Booker T. Washington came first prominently into view by the speech from which the above extract was taken, delivered by him at the Atlanta Cotton States Exposition, in Atlanta, Georgia, September 18, 1895. What D. H. Hill had urged for the Southern whites in 1866, Washington now urged for the Negroes. The Northern people were growing somewhat weary of the Negroes’ continual appeals for political recognition and this speech, avoiding such and couched in the most conciliatory phrases concerning the Southern whites, was a surprising departure. It struck a popular chord. It was written up in the very best vein by the most celebrated journalistic correspondent of that period, James Creelman, then in the zenith of his career of feature writing, as an “epoch making oration.” This writer, commanding the pages of the most widely read New York paper of that day, ranked—

“Professor Booker T. Washington, President of the Tuskegee (Alabama) Normal and Industrial Institute, as the foremost man of his race in America.”[248]

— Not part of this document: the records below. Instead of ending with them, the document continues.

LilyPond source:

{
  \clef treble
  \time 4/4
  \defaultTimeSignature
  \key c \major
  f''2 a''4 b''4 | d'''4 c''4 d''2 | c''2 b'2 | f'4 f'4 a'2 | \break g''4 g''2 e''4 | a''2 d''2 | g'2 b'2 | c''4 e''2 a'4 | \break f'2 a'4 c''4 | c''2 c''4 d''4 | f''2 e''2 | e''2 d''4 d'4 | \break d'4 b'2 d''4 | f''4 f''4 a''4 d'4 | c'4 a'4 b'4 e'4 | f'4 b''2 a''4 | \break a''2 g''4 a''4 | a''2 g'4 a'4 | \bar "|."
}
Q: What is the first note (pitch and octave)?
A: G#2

But Creelman did not stand alone. The editor of the Atlanta Constitution telegraphed to the North that “the address was a revelation.”

The Boston Transcript declared: “It dwarfed all the other proceedings and the exposition itself.”[249]

President Cleveland was even quoted as affirming that “the exposition would be fully justified if it did not do more than furnish the opportunity for its delivery.”[250]

The key-note of the speech has been before noted. In addition it contained two specific declarations, which constituted “the revelation”:

“1. In all things that are purely social, we can be as separate as the fingers, yet one as the hand in all things essential to mutual progress.[251]

2. The wisest of my race understand, that the agitation of questions of social equality is the extremest folly and that progress in the enjoyment of all the privileges that will come to us, must be the result of severe and constant struggle rather than of artificial forcing.”[252]

When to these expressions was added the further declaration:—

“that we shall prosper as we learn to dignify and glorify common labor.”[253]